Ended up getting into town late in the evening, avoided all the motorbike taxis and took off on foot to find a place to stay. Stumbled across the Khao San of Hanoi within ten minutes. The Backpacker's Hostel was full but at the end of the road I found a little hotel in heaven. For seven quid a night I got a palacial room, big comfy double bed, satellite tv, bath, hot water, paintings on the wall, free internet (and as I discovered the day I checked out, free breakfast), so my plans to stay one night and then check into the hostel the next morning (6 quid a night for dorm and shared bathroom) quickly faded. The guy who worked there was also a real gem, same age as me, I helped him compose emails to his much older girlfriend in Japan.
The first night I ate noodle soup (Pho, one of Vietnam's well-known dishes) on a street corner. I'm used to eating street food in Thailand but this was a whole new experience; the entire pavement was crammed with tiny tables and chairs which should only really belong in nurseries. My knees wouldn't fit under the miniature table so I had to semi-crouch on the pavement whilst eating. Despite my overwhelming tiredness I stayed up late watching rubbish on tv, well it's the first time I'd watched one (at least in English) for months.
One of the main things I noticed about Hanoi, aside from the incessant beeping and risking my life every time a road needed crossing, was pyjamas. Yes, pyjamas. I swear every single woman was wearing them, and they can't get away with calling them twin sets because some were most definately of a woolly variety with teddy bears and stars. Obviously I'm massive p.j. fan and would love nothing more to wear them all day... but in the privacy of my own home, not at work, not walking around the busy smoky streets of the city, not to serve noodle soup to strangers. I tried to reason why this might be but came up with nothing. Answers on a postcard.

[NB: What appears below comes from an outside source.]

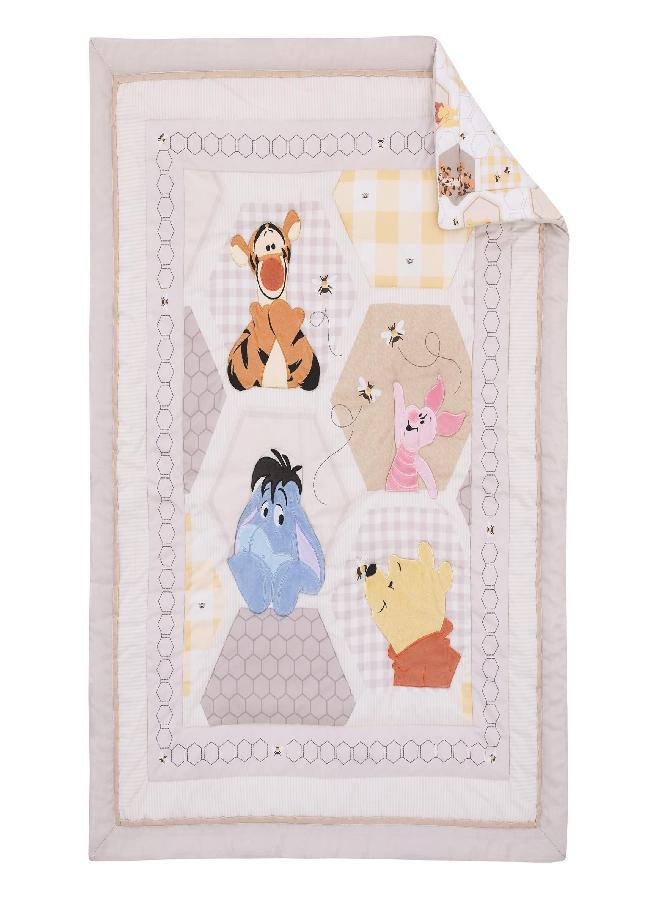 NoJo Disney Winnie The Pooh Hugs and Honeycombs Grey, White, and Tan Patchwork with Piglet, Tigger and Eeyore 3 Piece Crib Bedding Set - Comforter, 100% Cotton Fitted Crib Sheet, and Crib Skirt - Image 1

Had a lazy first day wandering around the city, taking in the very few sights, getting lost up the many many sidestreets, and returning to the comfort of my lovely room when there were random downpours. When the rain stopped I ventured out for a baguette and booked myself onto an overnight Halong Bay trip with the backpacker's hostel for the Friday/Saturday, and was informed it was mostly boys going, oh poor me.
In the evening I went for a drinks with... wait for it... my mum's cousin's son Dominic, who's been living in Hanoi for yonks, and his mateys. Whilst waiting on the crossroads where we'd arranged to meet him I bumped into a girl I'd met on my teacher training orientation last October, and again on Ko Samet in the wee small hours back in February, who's now doing teacher training in Hanoi... small teacher world! Had a fab time with Dom and Co, got a crash course in Vietnamese and the local cuisine, and tried two of the local beers. I do sometimes wonder if I really am just doing a beer tour of Asia. Ended up having a very late night and had to wake up the poor guy at my hotel who slept on a mattress in the foyer to let me in, felt sooo guilty!!

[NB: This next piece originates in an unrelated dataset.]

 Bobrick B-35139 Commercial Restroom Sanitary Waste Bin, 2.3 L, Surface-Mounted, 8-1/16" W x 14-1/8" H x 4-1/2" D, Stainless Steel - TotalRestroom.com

Hunted down a camera shop Dom recommended and got myself sorted out with a second-hand camera, then went on a snap happy jolly around the city. Decided after the previous days laziness I should do something cultural so booked myself a fourth-row seat at the water puppet show. It was interesting to say the least. Obviously didn't understand a word of it and the music sounded more like a dozen cats being strangled simulataneously, and to be honest the puppets were a little bit on the scary side, but it was good to see once.

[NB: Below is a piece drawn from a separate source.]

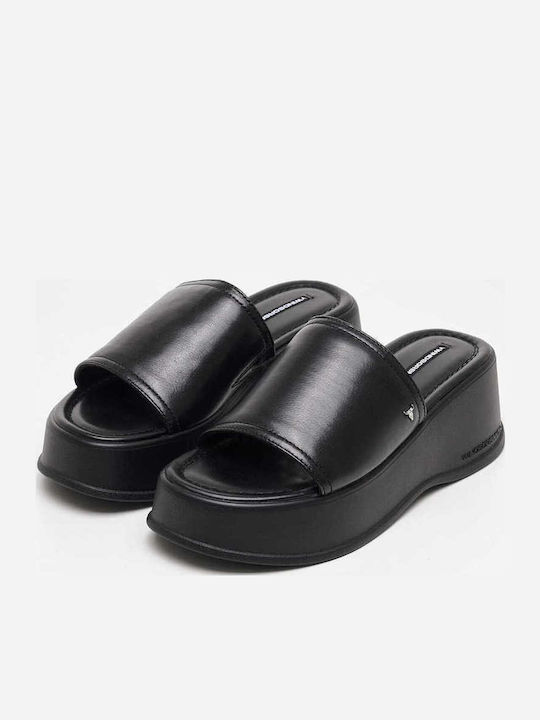 Horizon Δερμάτινα Γυναικεία Σανδάλια Flatforms Μαύρα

I added to my culturalness that evening by meeting up with Dom and everyone at a backstreet cinema. I was maybe a little too excited when I learned that there was free popcorn. We watched a documentary about WW2 from 1938. Obviously a serious and emotive topic, and we probably shouldn't have found some bits as funny as we did, but the narrator was hilarious. I also found it particularly amusing when an image flashed up of the front page of a newpaper declaring the war was over in big bold letters, and then directly underneath an article about a farmer dying after an incident with a tractor! Afterwards we went up an alley and I tried a new Vietnamese noddle soup dish and gave iced tea another chance. The next day I had to get up bright and early for Halong Bay, although I still stayed up til gone 1am watching a crappy movie, why oh why!??